The game features sophisticated cover based combat as well as deployable sandbags and support weaponry. Infantry can take cover and as the environment will block line of sight and projectiles, laying in ambush or fortifying strategic points like bridges or town squares gives a tactical advantage.

Each of the five factions have different squads of infantry as well as several support infantry such as flamethrowers, snipers, minelayers, and anti tank specialists.

=== Tank Mechanics ===
Assault Squad features a realistic impact system to tank and vehicle armor. Every gun in the game has its own individual penetration values and characteristics.
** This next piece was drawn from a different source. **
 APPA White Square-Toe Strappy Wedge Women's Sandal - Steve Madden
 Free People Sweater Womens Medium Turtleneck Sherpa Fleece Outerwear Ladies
How projectiles interact with armor on impact depends on the range, angle, and strength of the shot, along with many other deciding factors. Projectiles are also capable of penetrating multiple vehicles or ricocheting and causing collateral damage.

An example of a Tiger I angling away to deflect a shot. On the left, the hit indicator is green, showing a high chance of penetration, while the right shows a low chance.

Unlike many other games, tanks have no health point bar, but are instead separated into parts. A shell to the turret, if penetrated, may severely cripple it and disable its rotation. If the gun is damaged, the tank will be unable to fire, while a shot to the engine may result in a fire that will burn out the tank. Tanks can also be de-tracked or simply shot in the hull, which may injure or kill crew members.

Depending on the size of the shell fired and chance, a shot may damage the tank to the point that the crew will abandon the tank. If the tank's hull has not been destroyed, the tank owner or the enemy may be able to repair the tank.

===Other support units===
Like most other RTS games, there are also off-map assets such as air and artillery strikes which can be called in on enemy positions if the player has acquired enough MP. These powerful attacks have a cool down time to avoid over use by the player, and certain attacks, such as airstrikes, can be countered by both the enemy AI and hostile players by use of anti aircraft units.

==Other features==
The game features five factions with unique units, specialties, strengths, and weaknesses. The factions in Assault Squad are the United States Army, the Imperial Japanese Army, German Wehrmacht, the British Commonwealth Forces, and the Soviet Red Army, each with its own campaign. Each nation also features special abilities or unique "elite" units; the American forces can call in large airstrikes, the British have access to SAS units, the Japanese can spawn a large number of light tanks, and so on.

==Reception==

The game holds an average of 77/100 based on 21 critic reviews on Metacritic. Brett Todd of GameSpot had given the game 8 out of 10, praising its tough, brilliant and aggressive AI.

Aggregate score
| Aggregator | Score |
|---|---|
| Metacritic | 77/100 |

Review score
| Publication | Score |
|---|---|
| PC PowerPlay | 9/10 |

==Modding==
Just like previous Men of War titles, Men of War: Assault Squad has spawned a large number of mods and addons. The majority of additions to the game are hosted on Mod DB.